The saga state recovery works: SIGKILL the coordinator mid-build, and on auto-restart the executor recovers the in-flight build-from-tar saga from etcd and resumes the build-image action from staged source (StreamRegistry), with no client attached (the client had already errored out with timeout: no recent network activity). But the resumed build fails to complete, for two reasons:
1. Registry-DNS race on resume
The recovered build resumes before in-cluster DNS is ready, so the image push to cluster.local:5000 fails with:
failed to push cluster.local:5000/<app>:... dial tcp: lookup cluster.local on 127.0.0.53:53: no such host
The saga retries build-image ~6× within ~1s (too fast to let DNS come up), then fails and rolls back. A fresh deploy minutes later pushes fine, confirming it's a transient post-restart ordering gap, not a broken registry.

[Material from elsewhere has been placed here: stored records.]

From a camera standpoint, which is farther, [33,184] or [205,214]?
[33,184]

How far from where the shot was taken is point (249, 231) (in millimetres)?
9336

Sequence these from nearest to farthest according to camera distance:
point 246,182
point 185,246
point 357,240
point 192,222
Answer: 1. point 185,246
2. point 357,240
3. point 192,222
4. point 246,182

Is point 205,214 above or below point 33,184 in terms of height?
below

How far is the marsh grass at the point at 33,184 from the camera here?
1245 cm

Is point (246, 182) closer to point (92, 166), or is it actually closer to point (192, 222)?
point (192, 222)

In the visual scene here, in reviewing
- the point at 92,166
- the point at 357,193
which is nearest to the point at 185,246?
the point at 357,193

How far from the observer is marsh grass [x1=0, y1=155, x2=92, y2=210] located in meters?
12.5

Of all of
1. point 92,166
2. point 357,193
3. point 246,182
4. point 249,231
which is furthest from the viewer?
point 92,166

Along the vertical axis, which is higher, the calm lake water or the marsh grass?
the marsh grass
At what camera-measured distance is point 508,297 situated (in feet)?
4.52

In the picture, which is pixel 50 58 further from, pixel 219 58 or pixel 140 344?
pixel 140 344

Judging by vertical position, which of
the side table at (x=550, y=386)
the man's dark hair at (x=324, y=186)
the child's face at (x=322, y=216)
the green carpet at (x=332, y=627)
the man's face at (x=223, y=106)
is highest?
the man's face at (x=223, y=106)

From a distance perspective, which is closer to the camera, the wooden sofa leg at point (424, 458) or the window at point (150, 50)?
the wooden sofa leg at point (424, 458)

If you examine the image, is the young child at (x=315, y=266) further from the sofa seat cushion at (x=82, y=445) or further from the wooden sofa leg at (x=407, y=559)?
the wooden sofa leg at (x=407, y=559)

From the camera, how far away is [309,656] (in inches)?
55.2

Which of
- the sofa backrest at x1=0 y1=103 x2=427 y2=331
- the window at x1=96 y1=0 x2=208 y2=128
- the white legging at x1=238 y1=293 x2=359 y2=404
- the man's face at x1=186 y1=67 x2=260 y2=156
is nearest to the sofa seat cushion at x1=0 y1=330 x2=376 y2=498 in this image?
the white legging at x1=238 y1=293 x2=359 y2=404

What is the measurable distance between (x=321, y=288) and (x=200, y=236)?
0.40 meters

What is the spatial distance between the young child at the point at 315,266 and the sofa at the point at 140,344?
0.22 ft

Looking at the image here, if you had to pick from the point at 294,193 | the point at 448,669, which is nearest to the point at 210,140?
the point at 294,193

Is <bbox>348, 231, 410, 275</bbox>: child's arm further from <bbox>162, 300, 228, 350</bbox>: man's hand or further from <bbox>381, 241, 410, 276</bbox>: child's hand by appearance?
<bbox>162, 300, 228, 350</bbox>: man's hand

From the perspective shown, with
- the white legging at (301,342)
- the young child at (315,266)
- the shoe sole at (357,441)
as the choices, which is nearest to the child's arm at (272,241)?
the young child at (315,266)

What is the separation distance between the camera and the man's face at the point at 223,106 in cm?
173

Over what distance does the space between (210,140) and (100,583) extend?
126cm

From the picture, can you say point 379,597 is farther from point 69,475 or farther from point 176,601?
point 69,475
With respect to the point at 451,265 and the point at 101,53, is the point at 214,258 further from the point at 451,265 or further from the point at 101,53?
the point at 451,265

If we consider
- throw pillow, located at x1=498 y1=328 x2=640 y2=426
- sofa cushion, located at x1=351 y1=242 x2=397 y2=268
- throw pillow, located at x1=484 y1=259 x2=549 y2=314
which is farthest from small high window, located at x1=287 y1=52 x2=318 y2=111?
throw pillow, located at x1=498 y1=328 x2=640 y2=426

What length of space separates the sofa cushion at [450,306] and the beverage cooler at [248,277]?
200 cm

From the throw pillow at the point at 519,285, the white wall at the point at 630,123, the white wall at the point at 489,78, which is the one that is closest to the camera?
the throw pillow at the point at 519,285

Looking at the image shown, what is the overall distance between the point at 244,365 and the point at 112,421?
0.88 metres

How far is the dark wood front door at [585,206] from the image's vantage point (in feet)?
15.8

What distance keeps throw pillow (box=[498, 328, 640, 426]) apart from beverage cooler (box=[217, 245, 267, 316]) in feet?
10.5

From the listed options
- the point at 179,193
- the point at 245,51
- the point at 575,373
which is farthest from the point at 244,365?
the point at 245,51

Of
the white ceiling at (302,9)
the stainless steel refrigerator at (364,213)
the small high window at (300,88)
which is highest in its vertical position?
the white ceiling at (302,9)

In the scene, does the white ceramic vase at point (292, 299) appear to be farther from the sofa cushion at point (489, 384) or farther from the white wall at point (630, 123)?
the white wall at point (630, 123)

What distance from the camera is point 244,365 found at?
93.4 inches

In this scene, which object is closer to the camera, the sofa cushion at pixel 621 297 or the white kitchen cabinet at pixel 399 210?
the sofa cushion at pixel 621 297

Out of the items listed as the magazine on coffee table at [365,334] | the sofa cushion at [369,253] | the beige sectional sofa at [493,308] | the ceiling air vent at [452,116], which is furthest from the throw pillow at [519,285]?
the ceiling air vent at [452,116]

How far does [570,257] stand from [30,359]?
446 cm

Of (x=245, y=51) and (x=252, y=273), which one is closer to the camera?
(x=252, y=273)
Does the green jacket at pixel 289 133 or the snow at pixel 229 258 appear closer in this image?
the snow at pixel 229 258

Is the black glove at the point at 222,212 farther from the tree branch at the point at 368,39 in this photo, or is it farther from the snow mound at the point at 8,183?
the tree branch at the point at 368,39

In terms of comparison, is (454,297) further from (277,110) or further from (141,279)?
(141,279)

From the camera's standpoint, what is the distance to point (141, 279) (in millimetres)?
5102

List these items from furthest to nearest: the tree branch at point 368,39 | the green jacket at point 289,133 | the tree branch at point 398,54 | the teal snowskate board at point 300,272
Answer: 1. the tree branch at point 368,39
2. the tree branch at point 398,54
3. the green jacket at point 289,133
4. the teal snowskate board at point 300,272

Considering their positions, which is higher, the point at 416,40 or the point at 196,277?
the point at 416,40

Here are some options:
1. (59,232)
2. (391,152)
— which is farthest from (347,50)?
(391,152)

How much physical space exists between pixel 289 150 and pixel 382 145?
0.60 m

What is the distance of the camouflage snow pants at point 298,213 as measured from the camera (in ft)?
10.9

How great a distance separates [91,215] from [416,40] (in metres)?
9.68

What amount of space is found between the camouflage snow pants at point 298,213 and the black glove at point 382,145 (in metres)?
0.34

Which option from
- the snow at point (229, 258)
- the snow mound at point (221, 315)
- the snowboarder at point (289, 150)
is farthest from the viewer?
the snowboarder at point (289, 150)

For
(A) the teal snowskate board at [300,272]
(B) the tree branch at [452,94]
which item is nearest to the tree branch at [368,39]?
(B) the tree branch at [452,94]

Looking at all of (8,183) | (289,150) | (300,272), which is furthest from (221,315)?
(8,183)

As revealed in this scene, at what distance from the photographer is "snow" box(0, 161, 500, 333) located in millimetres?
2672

Recovered builds should wait for the cluster registry to be reachable (readiness gate or real backoff) rather than exhausting fast retries.
2. Stale deployment lock
The crashed deploy leaves a deployment lock on the app; redeploying under the same name is then blocked (ERROR: deployment blocked by lock). The lock should be reconciled/released on recovery (or carry a TTL).
Repro
Deploy with [build] onbuild = ["sleep 180"] to get a build window, sudo systemctl kill -s SIGKILL miren.service on the coordinator mid-build, observe auto-restart + saga recovery (recovering saga ... status: running → executing action ... build-image), then the push failure loop and the leftover lock.
Impact
Saga crash recovery resumes correctly, but a recovered build does not yet finish, so the durability win isn't fully realized for builds. No orphan state is left (clean rollback; cluster healthy afterward). Relevant to trusting crash recovery before wider rollout.